Intermittent -625 errors that get cleared when restarting ndsd

  • 7018286
  • 17-Nov-2016
  • 17-Nov-2016

Environment

NetIQ eDirectory 8.8 SP8 running on RHEL 6.6

Situation

These are some symptoms of this particular problem:
 - Replica synchronization reports to some server errors -625 to servers that are reachable.
 - If you connect to iMonitor -> Agent Activity, you see some thread take hold of the Write lock and never release
 - Requests to the affected server may work or may get stuck.
 - The affected server becomes unresponsive.
 - After restarting ndsd, the problem is resolved, at least for some time (a few hours or a few days)
 - If you use the utility gstack to get a list of the running threads, the lock is released and the server goes back to normal

Resolution

The error -625 indicates that a server failed to respond in a timely manner. There are some other conditions that can also cause this error, like high utilization conditions or when a server tries to write a very large amount of attributes for a particular object. In these scenarios, though, the issue reappears soon after restarting the ndsd process.

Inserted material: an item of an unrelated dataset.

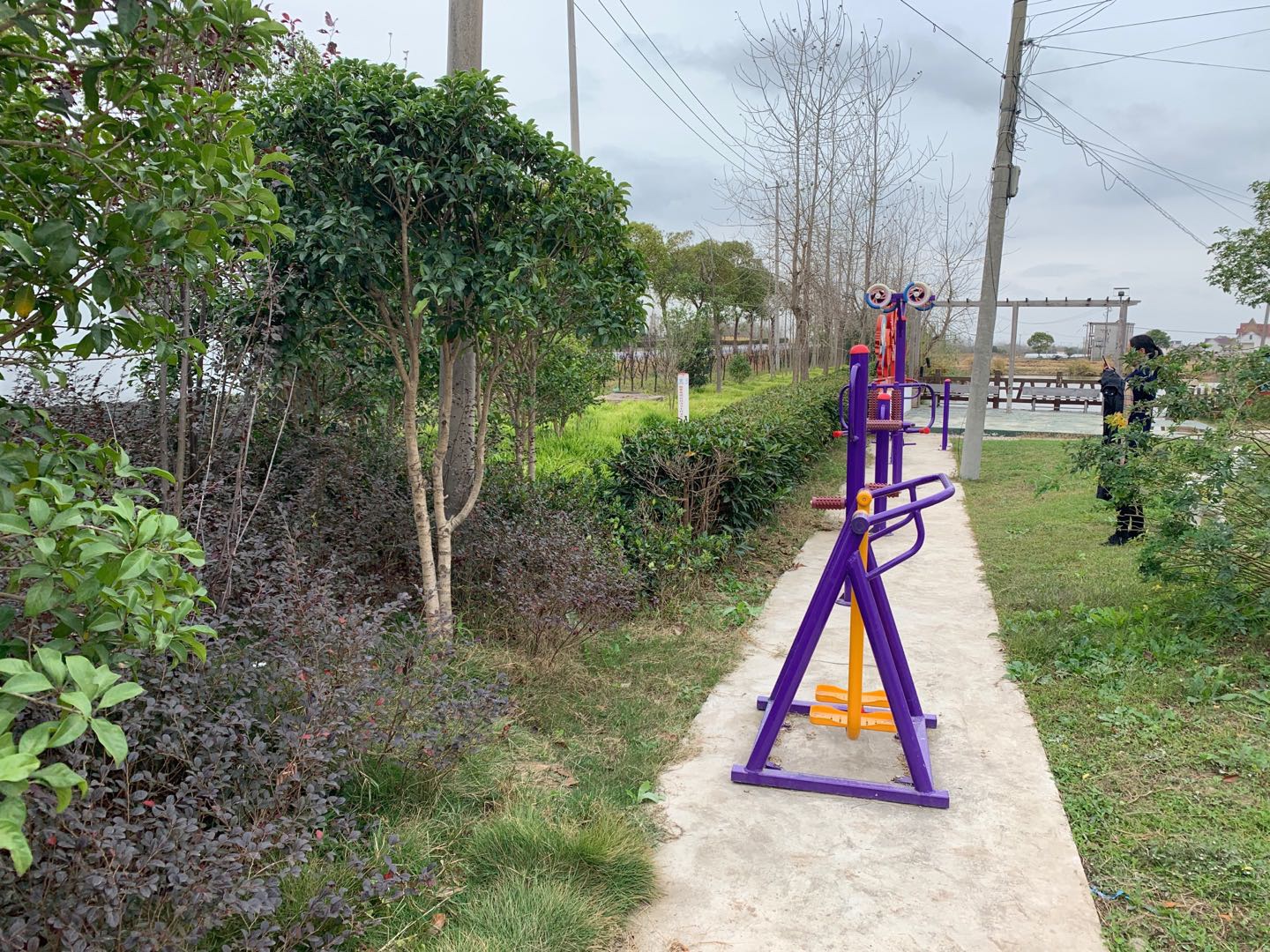 萬(wàn)祥鎮(zhèn)新路村健身點(diǎn)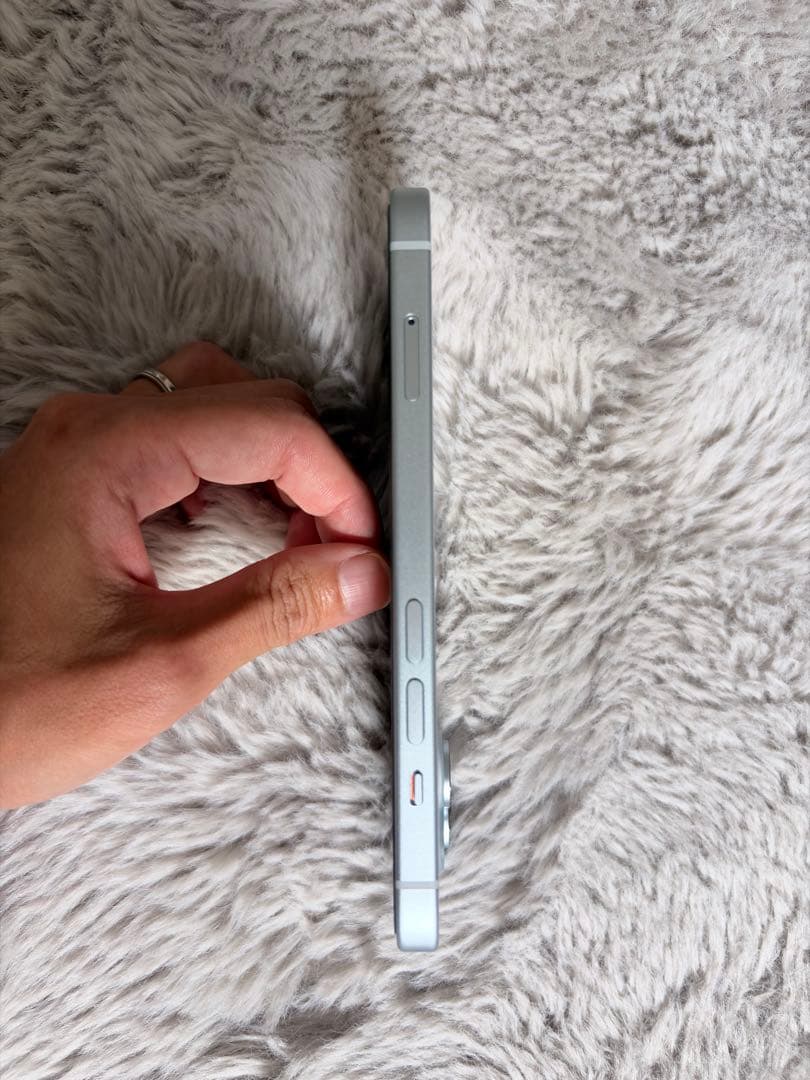 Apple iPhone 15 ブルー 256G 本体 SIMフリー　ほぼ新品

This particular problem is caused by a kernel bug in Linux, which affects mostly Red Hat Enterprise Linux 6.6, 7.0 and 7.1 (running kernel versions 2.6.32-504 up to and including 2.6.32-504.12.2), in particular servers on version 

For more information from Red Hat:
https://access.redhat.com/solutions/1386323

To avoid this issue, make sure that the latest patches are applied on your Red Hat Linux server and that the kernel version is higher than the ones mentioned above.